Federal and state officials previously said they had narrowed their search for the E. coli’s source to nine farms in Monterey, San Benito and Santa Clara counties that grew spinach for Natural Selection Foods.
Federal officials do not think anyone at the plants deliberately contaminated spinach with the virulent bacteria, and the searches do not mean there is an ongoing or new threat to public health.
“There is no indication there was any tampering of willful contamination or anything like that,” Schadler said.
The federal Food, Drug and Cosmetic Act provides criminal penalties for companies involved in the production or sale of “adulterated foods,” said Andy Weisbecker, a Seattle lawyer whose firm is representing dozens of people who got sick eating spinach in the last two months.
To be convicted under the act, companies do not need to have known their products were contaminated, merely negligent in their duties to prevent tainted foods from entering the market, Weisbecker said.
“If someone out there is pumping out hundreds of pounds of pork with trichinosis in it, you don’t have to know you are doing that to be found potentially criminally negligent,” he said.
Since E. coli is found in animal and human feces, state and federal inspectors trying to pinpoint the source of contamination have focused on irrigation water, fertilization methods, worker hygiene and the proximity of fields to livestock.
The FBI would not say what agents sought or seized at the two plants, but said they gathered enough preliminary evidence to get a judge to sign the warrants.
Sweat said agents requested paperwork, including documents already provided to the FDA and the California Department of Health Services.
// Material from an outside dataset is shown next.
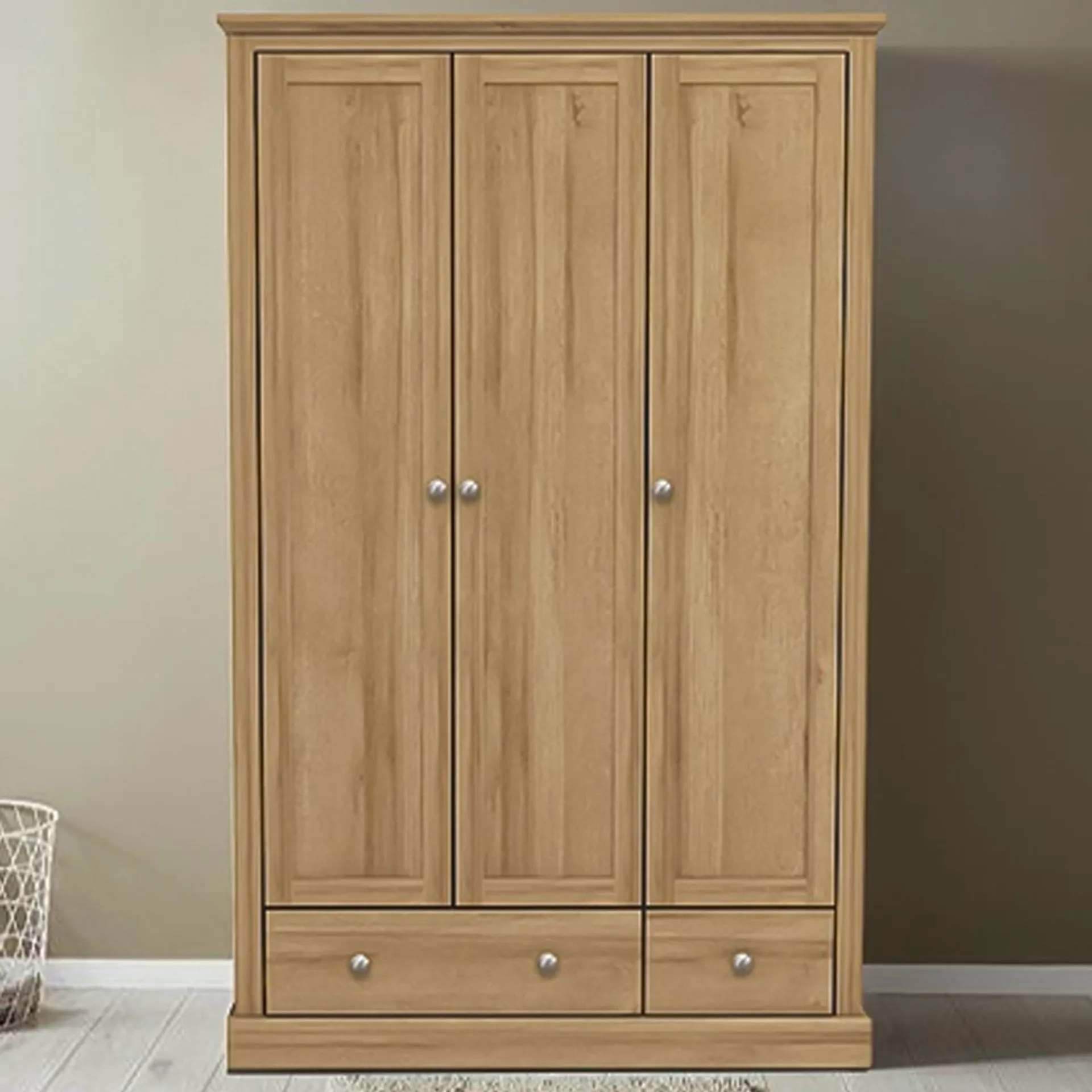 Devon 3 Door 2 Drawer Oak Effect Wardrobe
After agents executed the warrant just after 9 a.m., they went in and out of the building carrying attache cases. An FDA agent with a holstered gun declined to comment.
Natural Selection, which packages spinach sold under 34 brand names and supplies spinach to other food processors, was implicated in the E. coli outbreak after 11 bags of Dole brand spinach tested positive for the same bacteria strain found in people who fell ill after eating the leafy greens.
Growers Express grows and packs produce, including Farm Day packaged spinach. Until Wednesday, the company had not been named in the investigation of how the tainted spinach ended up in bags and on store shelves.
A representative for Growers Express did not return calls seeking comment. Workers there would not answer questions about the FBI agents who remained on-site all day.
The recent spinach scare was at least the ninth food-borne illness outbreak traced to produce from the Salinas Valley. Both the FDA and California health and agriculture officials have ordered fruit and vegetable growers to develop a plan to minimize the risk of another outbreak in all leafy greens, including lettuce.
Dr. David Acheson, chief medical officer of the FDA’s Center for Food Safety and Applied Nutrition, declined to comment on Wednesday’s raids, saying the investigation was ongoing.
– Associated Press Writer Lisa Leff in San Francisco contributed to this report.